- _Task to carry out_
Exclude all pictures. Then restate, word for word, the entries from the first line through the line that contains "Lapos kijelzős Galaxy".

-------- Input material --------

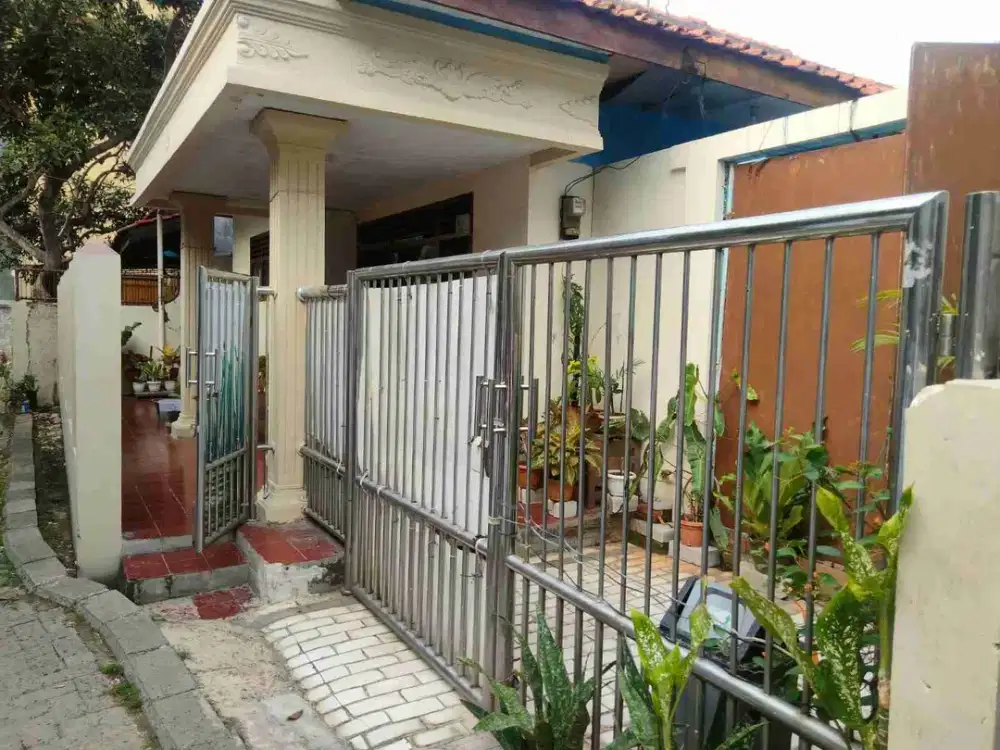 Jual Rumah Murah Strategis Larangan Indah Dekat Komplek DKI Tangerang Kota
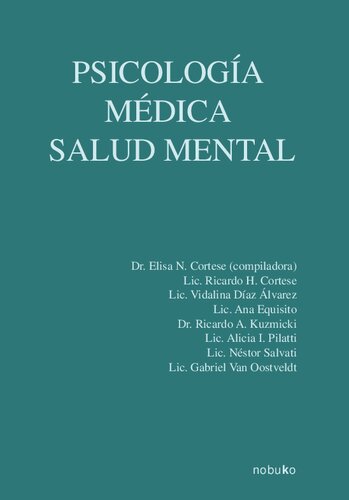 Psicologia Medica Salud Mental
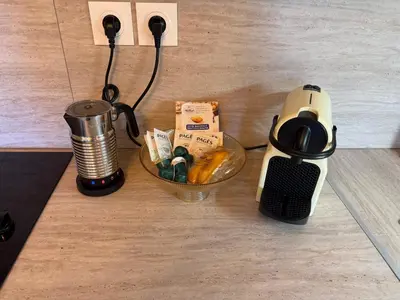 Nourriture dans l'appartement ou à proximité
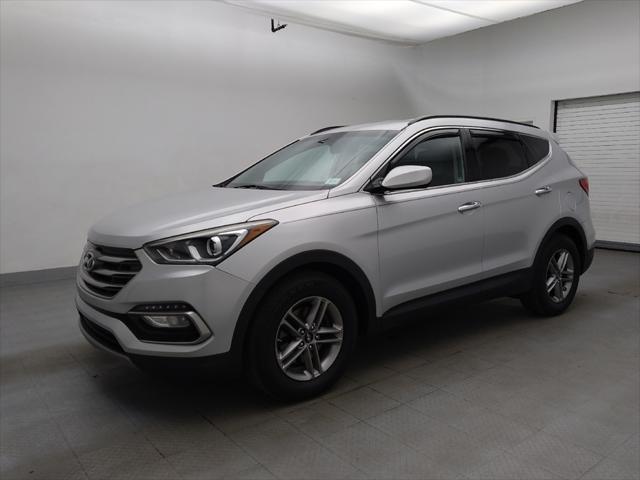 used 2017 Hyundai Santa Fe Sport car, priced at $16,195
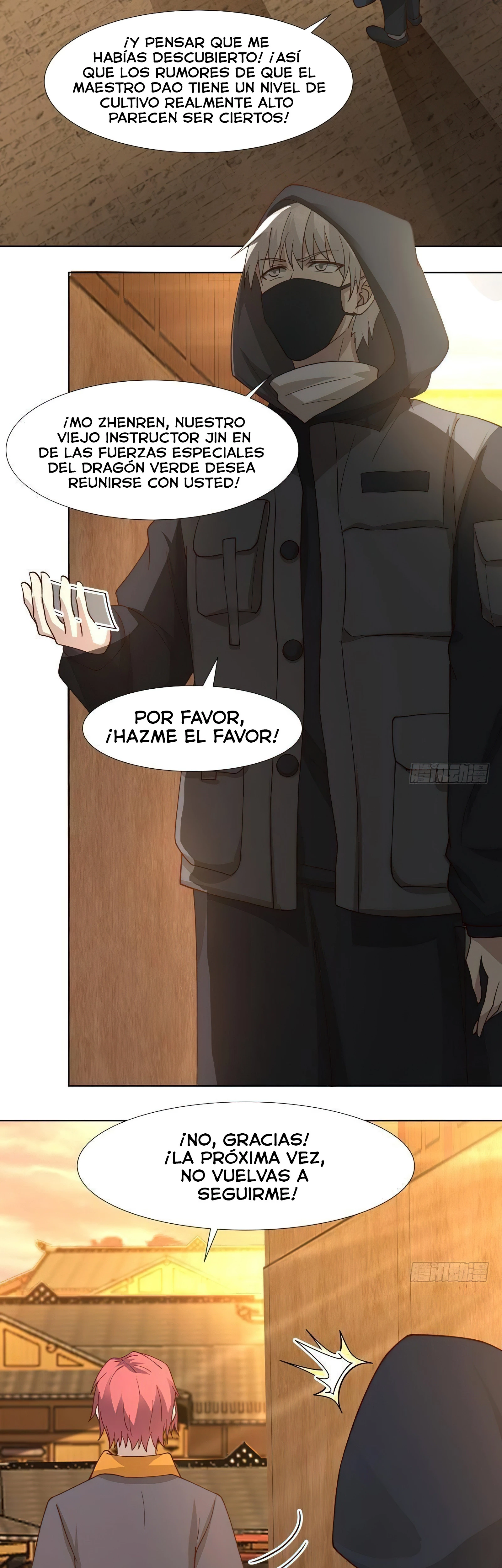 Tengo el cuerpo del dragon > Capitulo 457 > Page 31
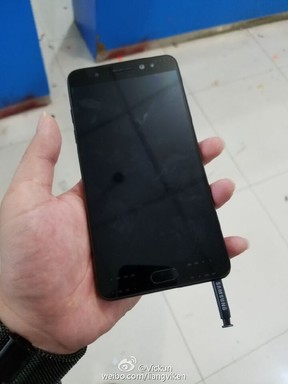 Lapos kijelzős Galaxy Note 7 valószínűleg soha nem kerül forgalomba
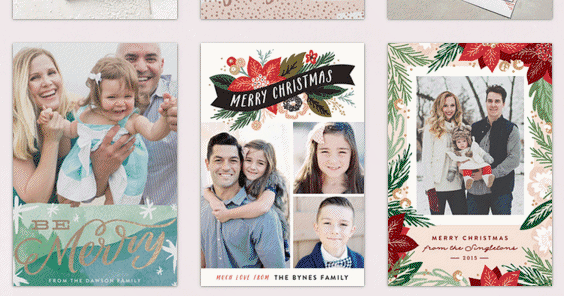 Enjoy 20% Off All Foil Pressed Holiday Cards at Minted! | The Perfect ...
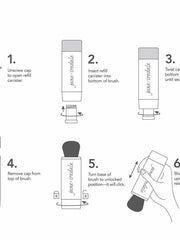 Load image into Gallery viewer, Powder-Me SPF 30 Dry Sunscreen Refillable Brush - Totally Refreshed Steam and Spa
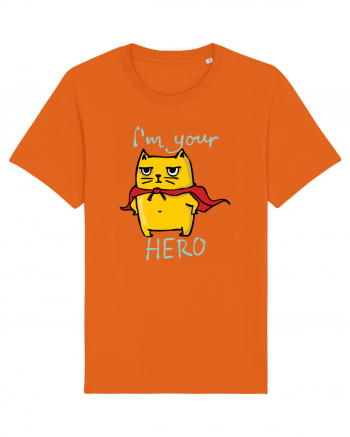 I'm Your Hero Bright Orange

--------

- _Solution to the problem_
 Jual Rumah Murah Strategis Larangan Indah Dekat Komplek DKI Tangerang Kota
 Psicologia Medica Salud Mental
 Nourriture dans l'appartement ou à proximité
 used 2017 Hyundai Santa Fe Sport car, priced at $16,195
 Tengo el cuerpo del dragon > Capitulo 457 > Page 31
 Lapos kijelzős Galaxy Note 7 valószínűleg soha nem kerül forgalomba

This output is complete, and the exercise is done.